-- Data follows --
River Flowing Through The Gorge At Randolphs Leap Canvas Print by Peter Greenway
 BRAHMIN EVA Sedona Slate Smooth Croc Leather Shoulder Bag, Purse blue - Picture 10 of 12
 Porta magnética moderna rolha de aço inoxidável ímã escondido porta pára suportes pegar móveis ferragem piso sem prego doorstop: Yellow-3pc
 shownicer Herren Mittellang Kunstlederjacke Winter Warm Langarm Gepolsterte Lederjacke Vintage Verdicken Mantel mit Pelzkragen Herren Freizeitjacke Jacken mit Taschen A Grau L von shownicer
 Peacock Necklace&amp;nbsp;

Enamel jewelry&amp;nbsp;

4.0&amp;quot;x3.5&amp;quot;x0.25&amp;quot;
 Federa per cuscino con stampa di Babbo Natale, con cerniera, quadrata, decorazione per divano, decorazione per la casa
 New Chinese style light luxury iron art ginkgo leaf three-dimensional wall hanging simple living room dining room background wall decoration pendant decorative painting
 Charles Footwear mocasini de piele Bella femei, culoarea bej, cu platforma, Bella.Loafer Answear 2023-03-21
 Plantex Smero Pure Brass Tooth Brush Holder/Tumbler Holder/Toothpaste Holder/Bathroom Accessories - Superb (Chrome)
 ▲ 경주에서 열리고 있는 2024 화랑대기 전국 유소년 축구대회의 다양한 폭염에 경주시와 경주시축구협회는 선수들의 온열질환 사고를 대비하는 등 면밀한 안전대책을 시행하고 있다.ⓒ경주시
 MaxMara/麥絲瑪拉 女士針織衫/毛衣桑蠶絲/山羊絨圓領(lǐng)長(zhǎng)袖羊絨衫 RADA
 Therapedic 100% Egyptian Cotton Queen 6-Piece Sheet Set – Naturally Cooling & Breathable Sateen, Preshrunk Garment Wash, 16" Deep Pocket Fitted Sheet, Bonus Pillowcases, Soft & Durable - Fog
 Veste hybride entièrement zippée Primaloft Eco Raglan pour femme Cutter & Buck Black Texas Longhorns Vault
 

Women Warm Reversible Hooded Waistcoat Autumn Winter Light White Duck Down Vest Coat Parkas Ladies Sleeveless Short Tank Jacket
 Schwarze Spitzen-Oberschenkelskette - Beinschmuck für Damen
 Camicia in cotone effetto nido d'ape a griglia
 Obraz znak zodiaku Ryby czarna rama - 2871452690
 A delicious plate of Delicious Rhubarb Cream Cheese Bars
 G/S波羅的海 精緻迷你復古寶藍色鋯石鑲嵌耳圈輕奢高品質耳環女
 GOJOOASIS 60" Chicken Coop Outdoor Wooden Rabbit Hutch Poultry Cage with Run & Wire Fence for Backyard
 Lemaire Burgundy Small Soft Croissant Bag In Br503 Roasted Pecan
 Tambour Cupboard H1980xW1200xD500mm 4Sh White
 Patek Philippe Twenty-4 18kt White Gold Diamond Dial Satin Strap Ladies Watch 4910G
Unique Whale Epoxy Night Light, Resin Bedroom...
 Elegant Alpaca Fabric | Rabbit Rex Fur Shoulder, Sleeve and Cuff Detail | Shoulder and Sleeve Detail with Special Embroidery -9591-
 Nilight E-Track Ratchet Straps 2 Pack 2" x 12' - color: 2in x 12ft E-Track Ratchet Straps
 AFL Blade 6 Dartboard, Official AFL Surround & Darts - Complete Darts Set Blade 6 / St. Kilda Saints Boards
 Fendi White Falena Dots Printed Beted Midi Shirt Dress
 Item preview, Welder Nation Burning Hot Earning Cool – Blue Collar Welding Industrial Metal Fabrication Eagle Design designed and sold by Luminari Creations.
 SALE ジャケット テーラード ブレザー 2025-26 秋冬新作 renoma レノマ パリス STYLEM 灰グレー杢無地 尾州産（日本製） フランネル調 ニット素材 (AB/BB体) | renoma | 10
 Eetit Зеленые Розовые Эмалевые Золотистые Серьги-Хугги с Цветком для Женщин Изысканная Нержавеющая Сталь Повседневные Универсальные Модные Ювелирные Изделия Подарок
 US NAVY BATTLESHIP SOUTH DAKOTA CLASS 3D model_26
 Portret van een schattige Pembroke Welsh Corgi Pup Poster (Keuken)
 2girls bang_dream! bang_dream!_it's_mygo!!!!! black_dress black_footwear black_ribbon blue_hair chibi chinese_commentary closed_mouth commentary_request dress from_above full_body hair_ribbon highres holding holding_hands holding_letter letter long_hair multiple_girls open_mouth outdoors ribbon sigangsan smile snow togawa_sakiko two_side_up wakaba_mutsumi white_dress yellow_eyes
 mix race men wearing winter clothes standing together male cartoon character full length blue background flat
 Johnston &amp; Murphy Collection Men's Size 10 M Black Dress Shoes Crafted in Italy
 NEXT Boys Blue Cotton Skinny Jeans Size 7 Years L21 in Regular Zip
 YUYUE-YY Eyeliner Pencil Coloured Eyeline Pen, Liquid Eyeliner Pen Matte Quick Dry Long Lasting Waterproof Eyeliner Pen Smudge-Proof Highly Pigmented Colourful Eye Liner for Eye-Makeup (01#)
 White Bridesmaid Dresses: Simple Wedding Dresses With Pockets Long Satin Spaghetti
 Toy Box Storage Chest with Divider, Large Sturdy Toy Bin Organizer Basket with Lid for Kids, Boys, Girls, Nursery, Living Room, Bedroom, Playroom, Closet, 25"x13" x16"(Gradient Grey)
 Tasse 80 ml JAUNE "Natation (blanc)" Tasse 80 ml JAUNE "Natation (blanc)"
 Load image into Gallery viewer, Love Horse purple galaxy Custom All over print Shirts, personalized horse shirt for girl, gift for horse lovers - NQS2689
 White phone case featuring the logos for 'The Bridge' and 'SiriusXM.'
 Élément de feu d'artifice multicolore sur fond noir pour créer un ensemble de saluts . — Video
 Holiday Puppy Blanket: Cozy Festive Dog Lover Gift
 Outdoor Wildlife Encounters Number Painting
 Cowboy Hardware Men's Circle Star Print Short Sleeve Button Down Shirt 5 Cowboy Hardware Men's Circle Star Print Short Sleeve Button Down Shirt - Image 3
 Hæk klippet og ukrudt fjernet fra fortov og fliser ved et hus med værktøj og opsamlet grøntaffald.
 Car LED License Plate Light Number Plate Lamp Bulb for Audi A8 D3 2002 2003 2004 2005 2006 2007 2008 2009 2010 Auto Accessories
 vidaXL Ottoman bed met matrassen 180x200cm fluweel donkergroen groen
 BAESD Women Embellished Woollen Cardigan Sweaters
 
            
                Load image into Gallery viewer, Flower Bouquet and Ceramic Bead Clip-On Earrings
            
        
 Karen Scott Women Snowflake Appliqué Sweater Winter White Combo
-- Data concluded --
Exactly reproduce the lines of the data above that run from the line containing "vidaXL Ottoman bed" through the final one.

 vidaXL Ottoman bed met matrassen 180x200cm fluweel donkergroen groen
 BAESD Women Embellished Woollen Cardigan Sweaters
 
            
                Load image into Gallery viewer, Flower Bouquet and Ceramic Bead Clip-On Earrings
            
        
 Karen Scott Women Snowflake Appliqué Sweater Winter White Combo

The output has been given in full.